Rare earths, a group of 17 elements needed in components for missile systems and consumer electronics, had been flagged as a potential weapon in the US-China trade war, focusing attention on work to develop new sources of supply.
"There is a good case for worldwide cooperation here to diversify the supply of these minerals," Australian Resources Minister Matt Canavan said yesterday in an interview with Sky News television. "The concentration of all these markets could cause a risk to the security and affordability of the supply of these critical minerals."
Australian officials have held new talks with their US counterparts and are considering how best to help projects win access to financing and to secure long-term supply deals, he said.
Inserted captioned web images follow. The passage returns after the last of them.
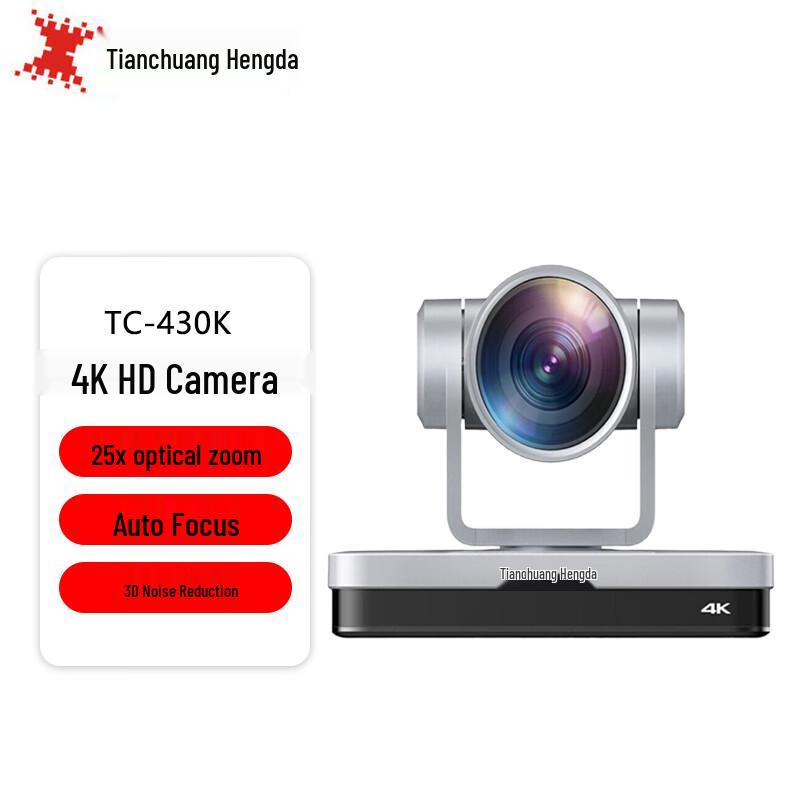 

TCHD 4K Auto-Focus PTZ Live Streaming Camera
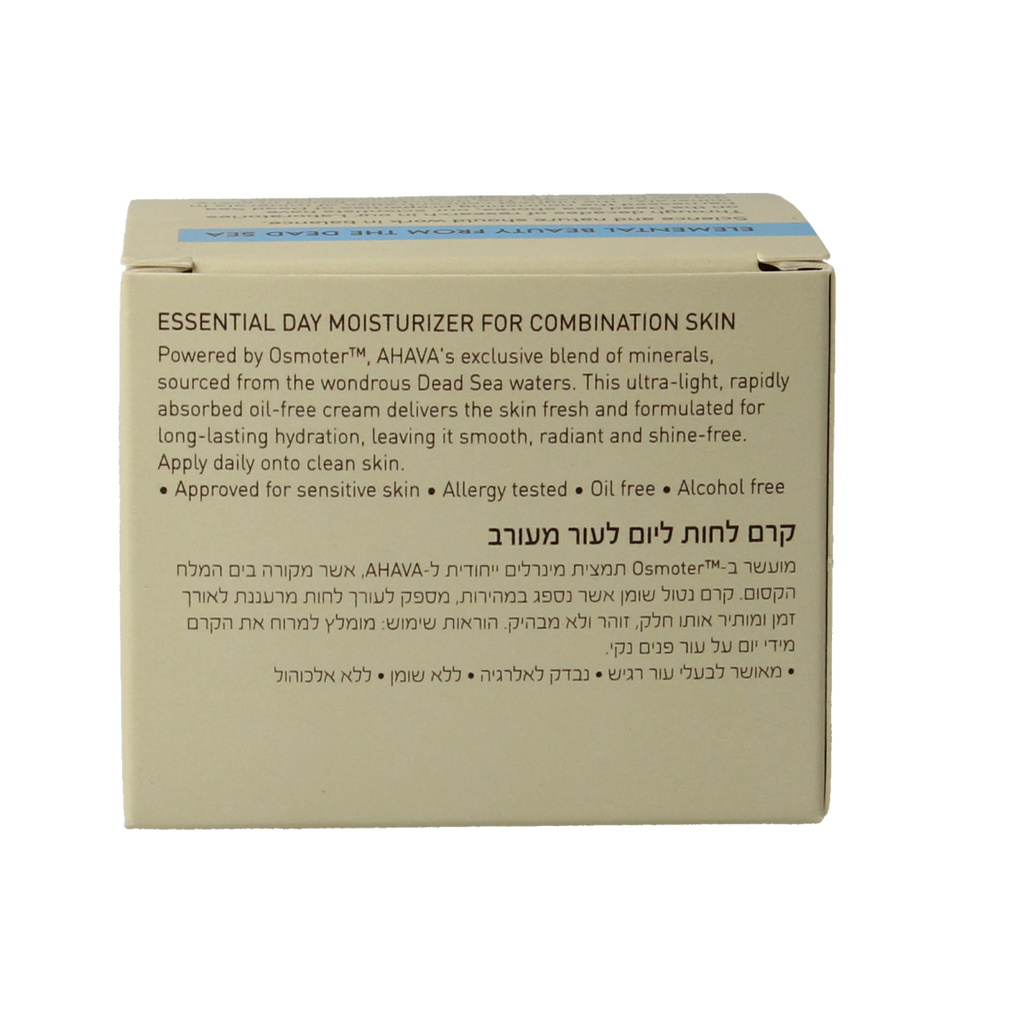 Ahava Essential day moisturizing cream 50.00 Milliliter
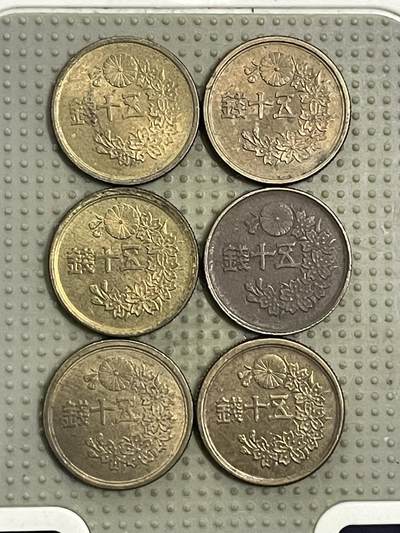 2026年第40场各国散币拍卖（总第190场） - 日本昭和二十三年五十钱6枚
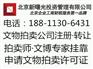 转让成立满2年的文物拍卖公司价格面议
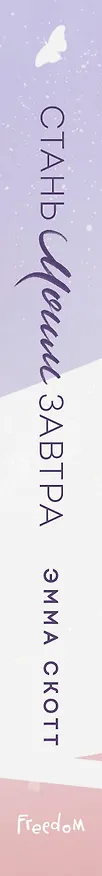 Книга Стань моим завтра (подарочное оформление) (Эмма Скотт) — 4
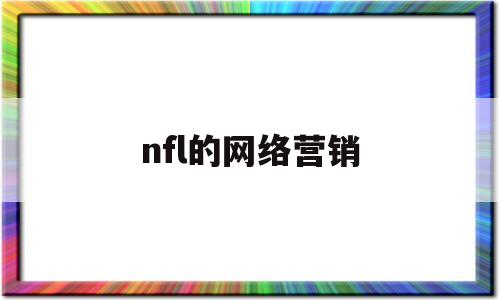 关于nfl的网络营销的信息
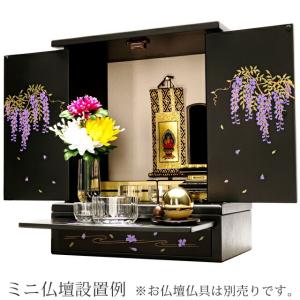 ミニ仏壇 藤 専用台 仏壇台 コンパクト ミニ...の詳細画像1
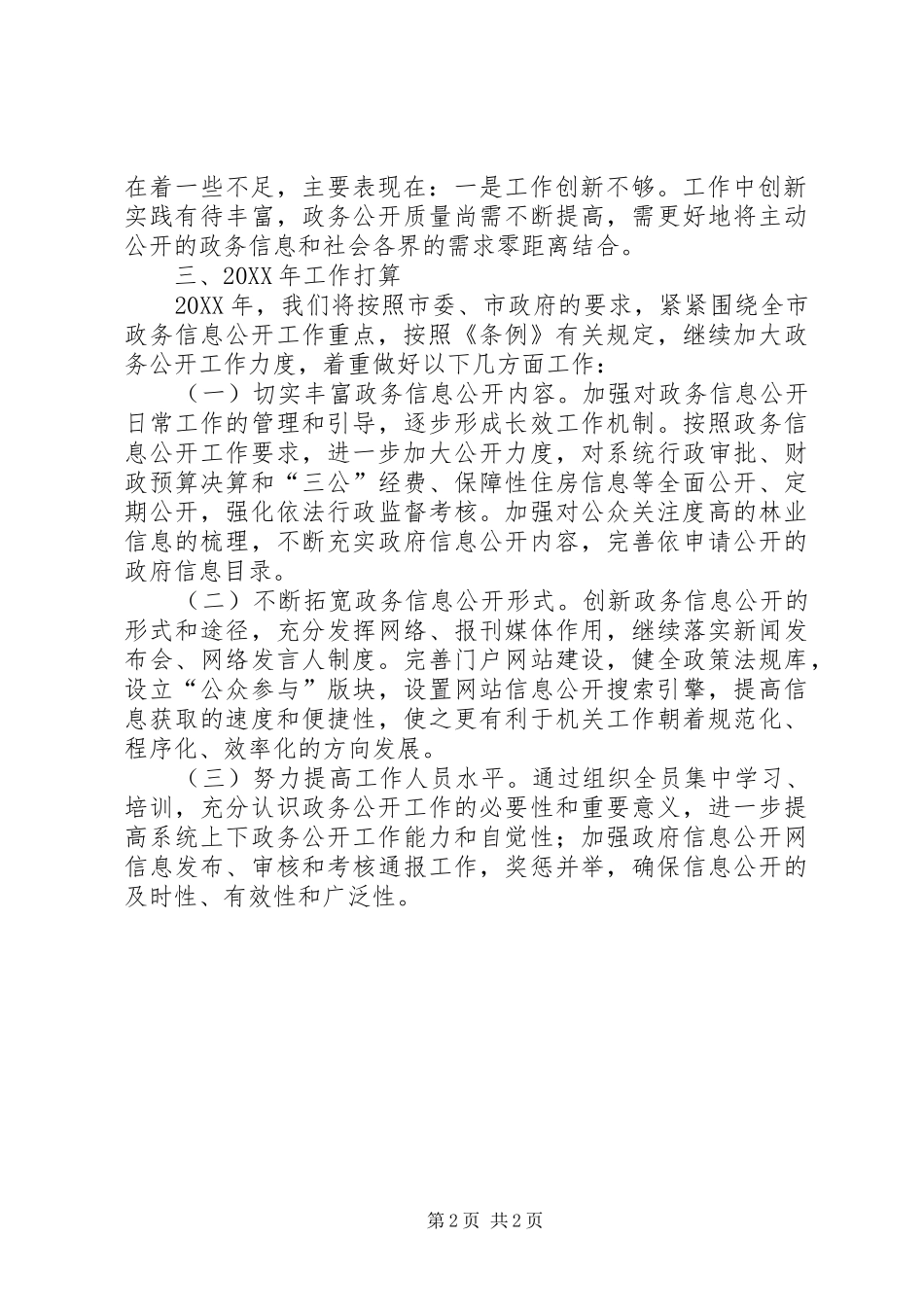 2024年林业局信息公开工作总结_第2页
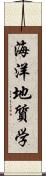 海洋地質学 Scroll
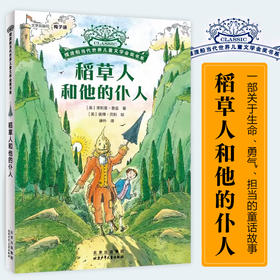 摆渡船当代世界儿童金奖书系：稻草人和他的仆人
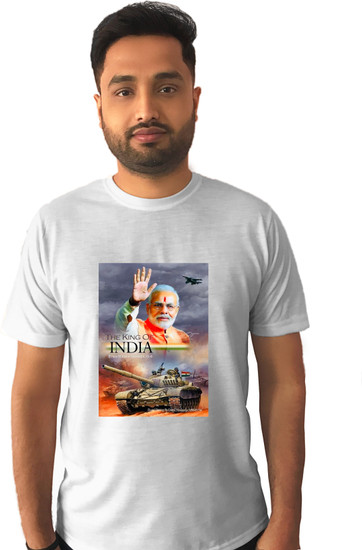 Modi t shirts flipkart sales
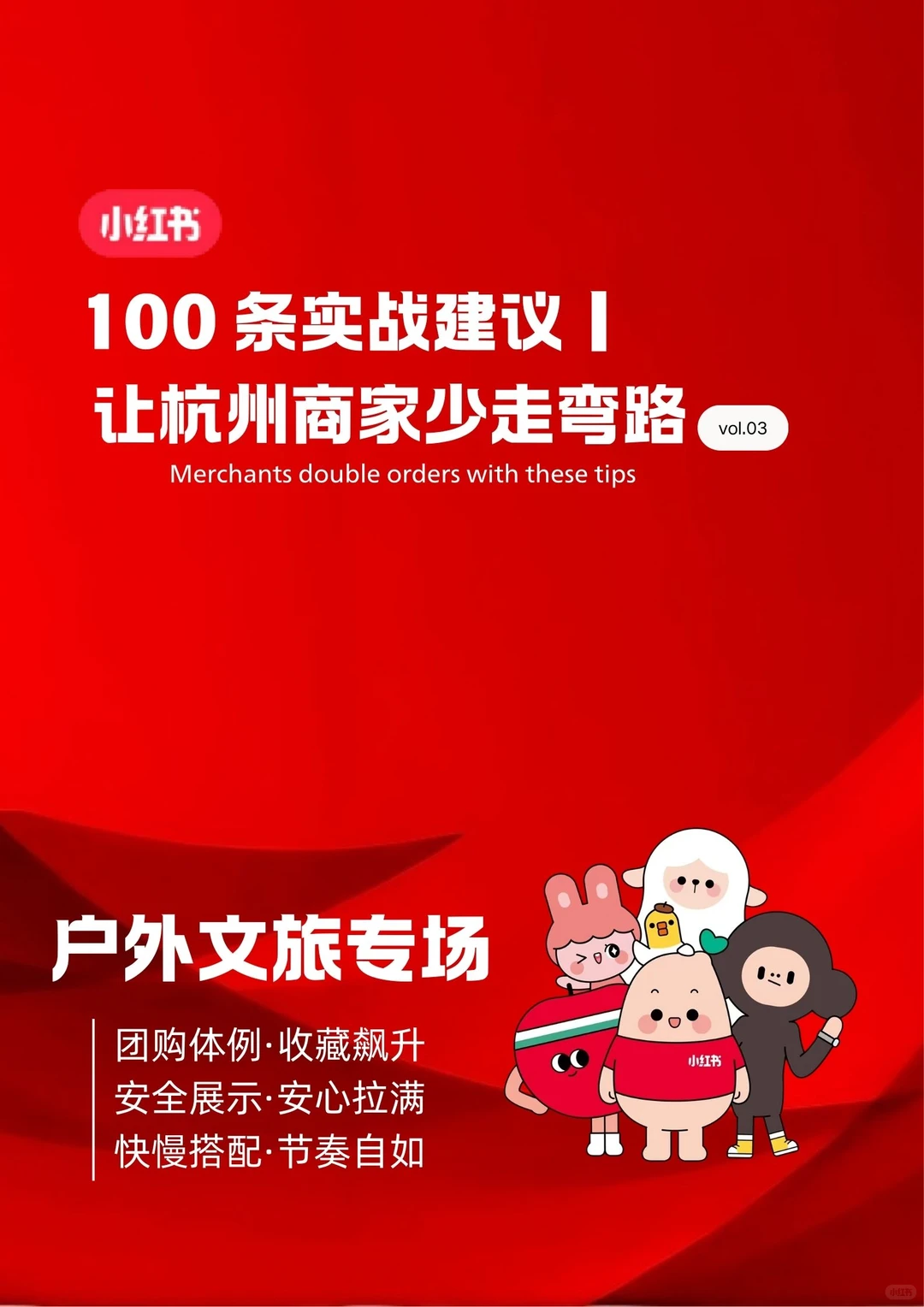 杭州户外文旅看这儿！这些知识点必须知道！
Similar discussions were held last month in Japan and South Korea, Mr Canavan added.
US President Donald Trump in July ordered the Defence Department to spur production of a range of rare-earth magnets used in military hardware amid concerns that China could restrict exports of the products.
US Geological Survey scientists have also visited projects in Australia in the past year, including Northern Minerals' Browns Range development.
Lynas, the largest supplier of rare earths outside China, said in August it had held talks with the US Defence Department and the Defence Logistics Agency. The company, with a mine in Australia and processing plant in Malaysia, is considering plans for a facility in Texas.